Example 3: Search engines and PSM filtering

In this example we are going to parse the output of several search engines and see what we can do with it using pyteomics. We are going to need all of the extra dependencies of pyteomics: lxml, numpy, matplotlib and pandas.

The files used in this example can be downloaded from http://pubdata.theorchromo.ru/pyteomics_filtering_example/. The directory contains output files from several search engines: X!Tandem, MS Amanda, Morpheus, MS-GF+. All search engines were fed the same spectra. The results do not serve for performance comparison of these search engines, but for illustration of data handling with pyteomics.

The data set was kindly provided by Simion Kreimer at Northeastern University in Boston.

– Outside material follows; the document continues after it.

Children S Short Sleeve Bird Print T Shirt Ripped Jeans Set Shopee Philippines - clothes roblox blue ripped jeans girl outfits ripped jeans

Let's start with setting up the imports:

In [1]:
%pylab --no-import-all inline
import seaborn as sb # makes the plots look nicer just by sitting there. Optional.
from pyteomics import tandem, pepxml, mzid, auxiliary as aux, pylab_aux as pa
import pandas as pd
Populating the interactive namespace from numpy and matplotlib

Now, let's read an X!Tandem file using tandem.read() and build a histogram of retention times for identified spectra. Then, let's do the same for spectra passing the 1% FDR threshold, by using tandem.filter().

In [2]:
with tandem.read('example.t.xml') as tf:
    h = pylab.hist([psm['rt'] / 60 for psm in tf], bins=25, label='All IDs')
with tandem.filter('example.t.xml', fdr=0.01, full_output=False) as ftf:
    pylab.hist([psm['rt'] / 60 for psm in ftf], bins=h[1], label='1% FDR')
pylab.xlabel('RT, min')
<matplotlib.legend.Legend at 0x7ff900cbec88>

The filter() functions can be used in the same way as read() functions (as a context manager). That is done by specifying full_output=False. The benefit of this is lower memory usage when parsing XML files. The downside, however, is that parsing occurs twice, affecting the execution time. That's why the default behavior of filter() is simply to return an array of PSMs:

In [3]:
ftf = tandem.filter('example.t.xml', fdr=0.01)
rts = [psm['rt'] / 60 for psm in ftf]
CPU times: user 14.9 s, sys: 90 ms, total: 15 s
Wall time: 15 s
In [4]:
with tandem.filter('example.t.xml', fdr=0.01, full_output=False) as ftf:
   rts = [psm['rt'] / 60 for psm in ftf]
CPU times: user 24.4 s, sys: 20 ms, total: 24.4 s
Wall time: 24.4 s

Another way would be to build a pandas.DataFrame object and access its columns. This enables you to write concise and efficient code. The tandem and pepxml modules define the functions DataFrame() and filter_df(), analogous to read() and filter().

In [5]:
ftf = tandem.filter_df('example.t.xml', fdr=0.01)
rts = ftf['rt']
CPU times: user 14.9 s, sys: 16.7 ms, total: 14.9 s
Wall time: 14.9 s

A function closely related to filter(), qvalues(), calculates q-values for all PSMs in a set. filter() uses it internally to determine where to set the threshold.

In [6]:
q1 = pepxml.qvalues('example.pep.xml', read_schema=False,
                    key=lambda x: x['search_hit'][0]['search_score']['Morpheus Score'], reverse=True)
q2 = tandem.qvalues('example.t.xml')

pa.plot_qvalue_curve(q1['q'], label='Morpheus')
pa.plot_qvalue_curve(q2['q'], label='X!Tandem')
<matplotlib.legend.Legend at 0x7ff8ffcf1710>

The mzid module also provides qvalues() and filter() functions.

In [7]:
msgf = mzid.filter('example.mzid', retrieve_refs=True,
                   key=lambda x: x['SpectrumIdentificationItem'][0]['MS-GF:EValue'], fdr=0.01)
pylab.hist([psm['SpectrumIdentificationItem'][0]['chargeState'] for psm in msgf], bins=np.arange(5), align='left')
pylab.xticks(np.linspace(0, 4, 5))
pylab.xlabel('charge state')
<matplotlib.text.Text at 0x7ff900a8d240>

pyteomics.auxiliary provides generic functions qvalues() and filter() that you can use on any objects representing PSMs. They accept iterables of PSMs (lists, iterators, arrays, DataFrames).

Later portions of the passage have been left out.